Parts Shortages & Delays

Supply chain issues are another major factor. Many car parts have become harder to source than they were a few years back, specially for newer models and imported vehicles. The lack of these parts (scarcity) makes the prices go up, and the wait time increases. 

These delays end up costing even more money to insurers. Since they still have to pay for storage fees and provide rental cars, all while the repairs are still pending. And in some cases these extra costs are the deciding factor that turn a simple repair into a write-off. For insurers, writing off a car early is way cheaper than waiting for its parts to arrive.

Increased Vehicle Value

The value of vehicles has increased since 2019, for both new and used cars. You would think that higher values would mean that write-offs have reduced but the opposite has happened.

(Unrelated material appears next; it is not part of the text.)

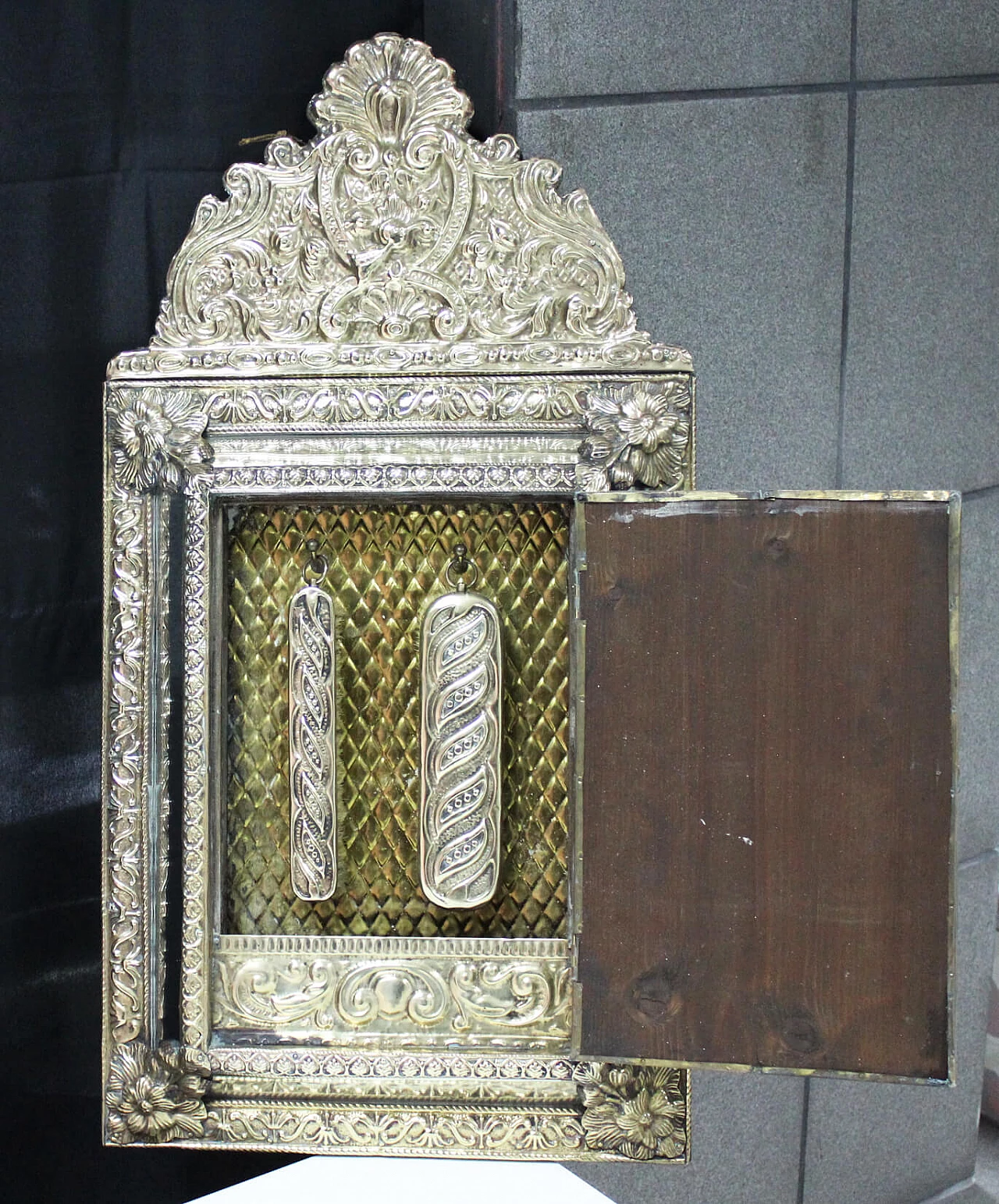 Specchio contenitore in legno e ottone con spazzole, anni '20 4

While the scrap car market has risen, the value of specific older vehicles may still be low. When a car is damaged, the cost of repairing its high-tech parts cost more than the car’s market value itself. The gap between repair cost and vehicle worth keeps on widening. It is particularly true for old cars who are at the end of their insurance cycle.

Aging Fleet

The vehicle fleet of Australia is getting older. The average age of cars on the road is projected to reach around 13 years by 2026. You see older vehicles have low market value even if they run just fine.

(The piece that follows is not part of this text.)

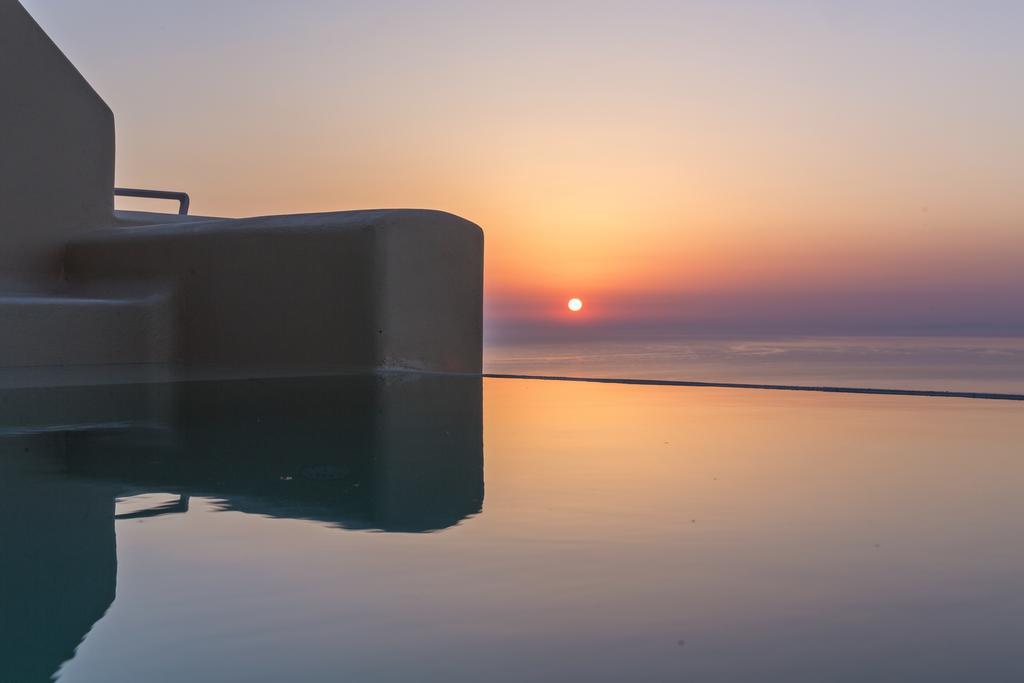 Skyfall Suites - Adults Only Pyrgos Kallistis Exterior photo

When any car meets an accident, insurers are more likely to declare them uneconomical due to high repair costs. As a result, more damaged cars are being written off. These old cars, which would have been repaired completely and returned on the road in another time are now sent for scrapping. This aging trend alone guarantees a slow rise in write-off numbers.

EV (electric vehicle) repair complexity

EVs add another layer to the challenge as well. See, EV batteries are expensive, sensitive, and highly regulated. Even a small damage near a battery system can trigger safety concerns, and there are only a limited number of qualified technicians that can repair EVs in Australia.

And because of this skills shortage and the high cost of battery components, it becomes an easy decision for insurers to write-off an EV rather than have it repaired even if the incident is minor. As EV adoption in Australia increases, these write-offs will become more and more common, sending newer and newer cars for scrapping.

What it means for scrap car industry

The rising number of write-offs has several implications for the car scrapping industry:

Increased volume of ELVs

The industry will see a large volume of ELVs entering the systems. This would include not just old cars and wrecked cars, but newer cars that are technically repairable but have been written off because repair costs are too high and are labelled as “total loss” by insurers. And this would increase the need for efficient scrap processing and a compliant car removal industry will grow, particularly in urban areas like Sydney.

Recycled parts market

The high cost and scarcity of new parts is causing both the mechanic and the consumer to use second hand, recycled parts. It will create demand for both salvaged parts and support a more circular economy. Scrap yards and cash for cars service providers play a key role in feeding into this supply chain.

Recycling standards and new challenges

The increase in write-offs are pushing the industry to have a more standardised recycling process and laws. You see the growing number in ELVs is highlighting the need for a more nationally consistent approach to recycle vehicles in Australia. Industry organisations like FCAI and MTAA are focusing on product stewardship schemes that aim to improve material recovery, manage harmful components, and as a result reduce landfill waste.

Technological Challenges

The increase in the number of EV adoption is causing technological challenges that recycling facilities are not prepared for. You know, newer cars have more plastic and electric parts as compared to old traditional ones before. EV batteries especially need to be handled and processed carefully. Businesses offering car removal and recycling services that adapt to this change and get proper equipment, trained staff will be able to position themself better in the market.

Conclusion 

In short, insurance write-offs are not increasing because cars are getting worse. These numbers are increasing because cars are becoming more complex, repairs are expensive. By 2026, these write-offs are only expected to increase rather than ease. For insurers, it means that they can deem more claims as total loss. For drivers, it means that they have to pay higher premiums and get few repair approvals. And for the scrap car removal and recycling industry, it means managing Australia’s evolving vehicle lifecycle appropriately.